The opening salvo came from Sen. Alex Deccio, R-Yakima, who said that as a soldier in World War II he went to the newly-liberated Bergen-Belsen Nazi concentration camp. There, he said, he saw emaciated Jews, dead and dying.

"They were embryos at one point, but somebody decided those people should be done away with," he said. "It was government...We're talking about the same thing."

No, said Sen. Adam Kline, D-Seattle.

"This is a far cry from the Holocaust," said Kline, who is Jewish. "I personally have a difficult time accepting any kind of political rhetoric that attempts to draw moral equivalency between science and murder."

"This is about babies," responded Sen. Val Stevens, R-Arlington. "We are talking about what goes on in creation."

"These efforts may help relieve human suffering, may keep someone's father or grandfather alive," said Senate Majority Lisa Brown, D-Spokane. She noted that she was born and raised Catholic, and said the social teachings of the church inspire her every day.
"I find no contradiction between those essential values of wanting to reduce human suffering and advance --"

She was cut off in mid-sentence as fellow Catholic Sen. Joyce Mulliken, furious, jumped up.

"I am truly offended," Mulliken said. "Please, please do not say there is no conflict with the beloved Catholic Church.
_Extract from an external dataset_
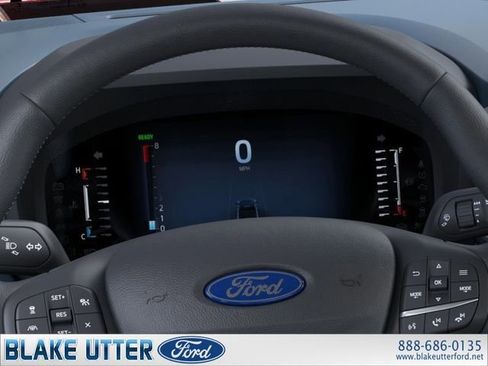 New 2026 Ford Maverick Lariat w/ Black Appearance Package AWD/4WD image 13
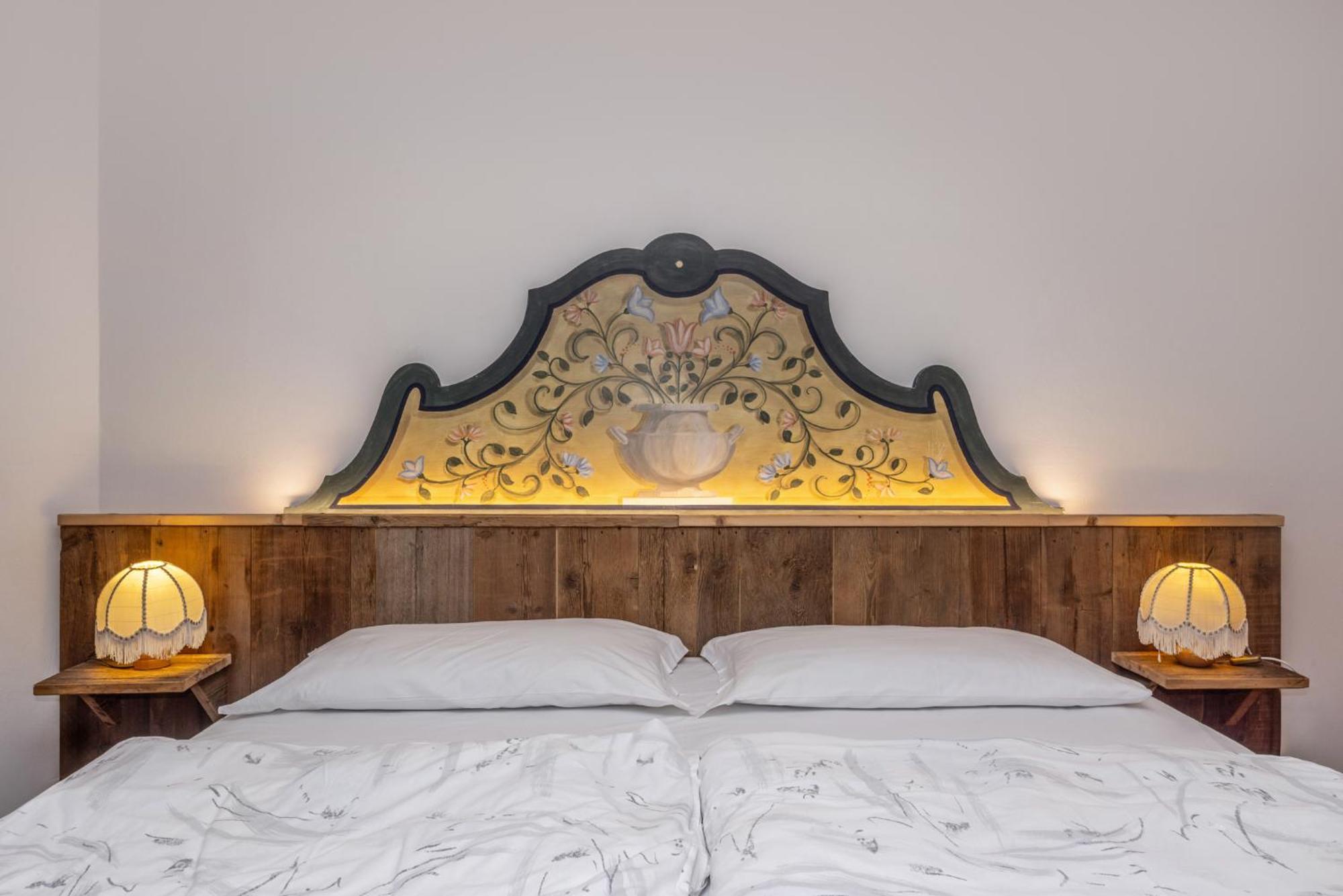 Hotel Garni Norma Madonna Εξωτερικό φωτογραφία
The Holy Father does not teach --"

Mulliken was cut off by Senate President Brad Owen, who let Brown continue.

Brown apologized and said she was stating that there's no conflict with her own values, not commenting on the official position of the Catholic Church.

"I was simply trying to point to some of my personal motivation," she said. "This bill is consistent with the idea of alleviating human suffering."

Republicans tried unsuccessfully to defer the bill indefinitely, but lost the vote, which indicates that the bill has enough votes to pass.

But to cool things off, both sides agreed Friday morning to temporarily defer action on the bill.